■ **Task statement**
Retype the lines below exactly, but only those from the line that has "Full-sized fridge, microwave, oven, stovetop" through the line that has "Lenya Dantel Detaylı Büzgülü Elbise Siyah". Omit every picture.

■ **Data extract**
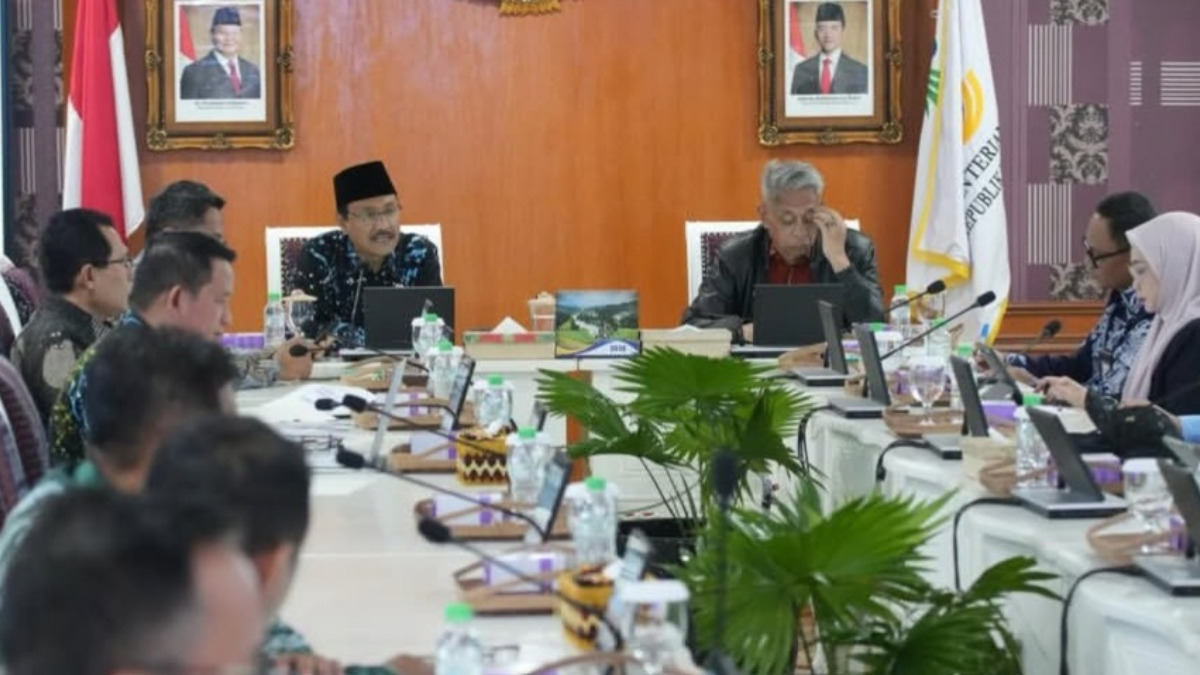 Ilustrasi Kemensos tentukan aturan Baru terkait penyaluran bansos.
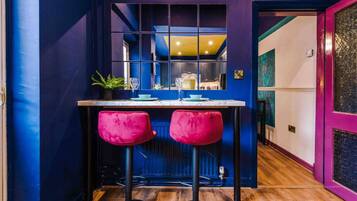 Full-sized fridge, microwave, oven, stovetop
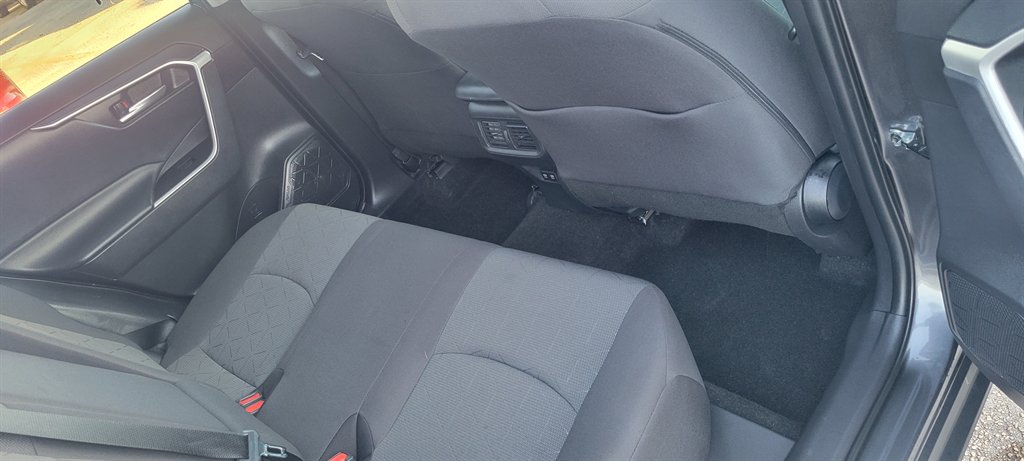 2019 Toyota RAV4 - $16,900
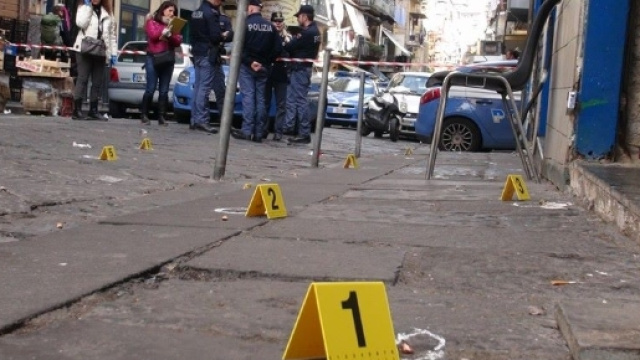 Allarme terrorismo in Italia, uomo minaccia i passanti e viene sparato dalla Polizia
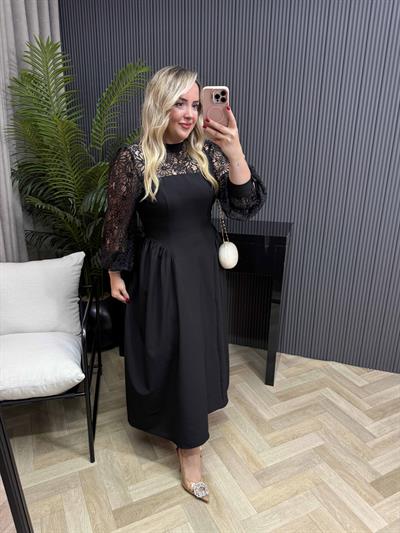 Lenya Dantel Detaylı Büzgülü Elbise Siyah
--
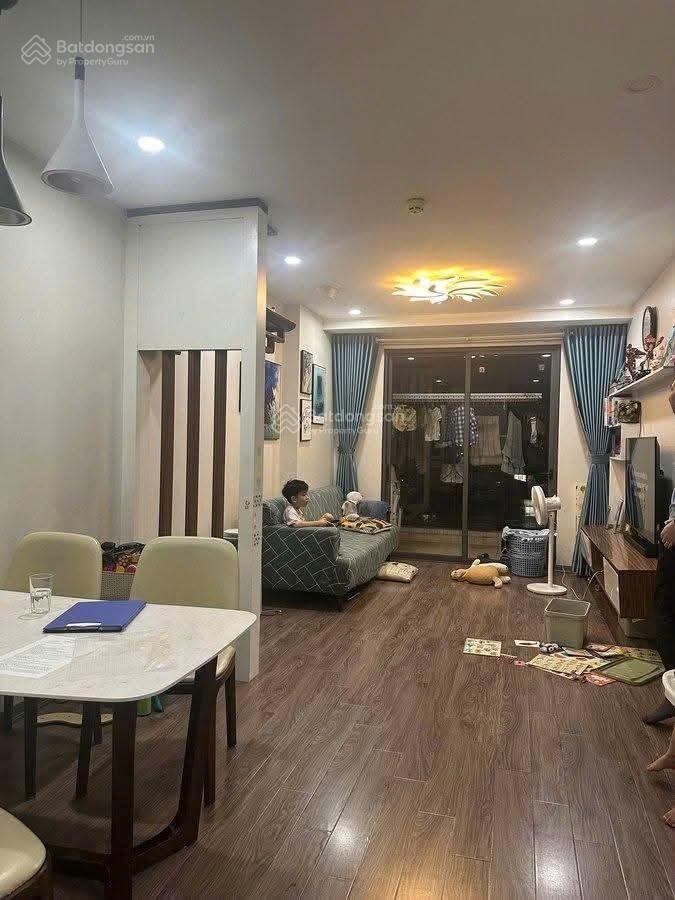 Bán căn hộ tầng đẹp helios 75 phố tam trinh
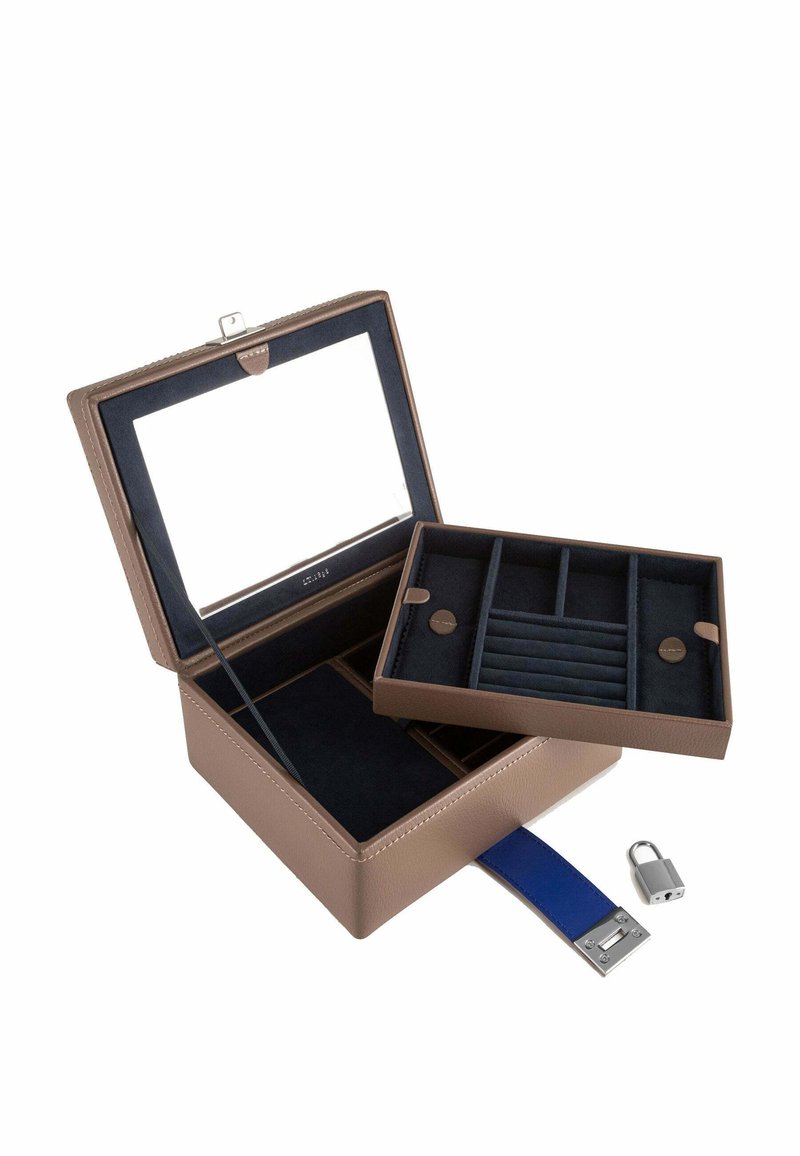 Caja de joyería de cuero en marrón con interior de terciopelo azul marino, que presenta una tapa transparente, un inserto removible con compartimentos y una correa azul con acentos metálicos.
==
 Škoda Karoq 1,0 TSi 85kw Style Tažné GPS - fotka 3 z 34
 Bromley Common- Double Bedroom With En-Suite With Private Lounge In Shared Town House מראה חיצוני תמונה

■ **Reply**
 Full-sized fridge, microwave, oven, stovetop
 2019 Toyota RAV4 - $16,900
 Allarme terrorismo in Italia, uomo minaccia i passanti e viene sparato dalla Polizia
 Lenya Dantel Detaylı Büzgülü Elbise Siyah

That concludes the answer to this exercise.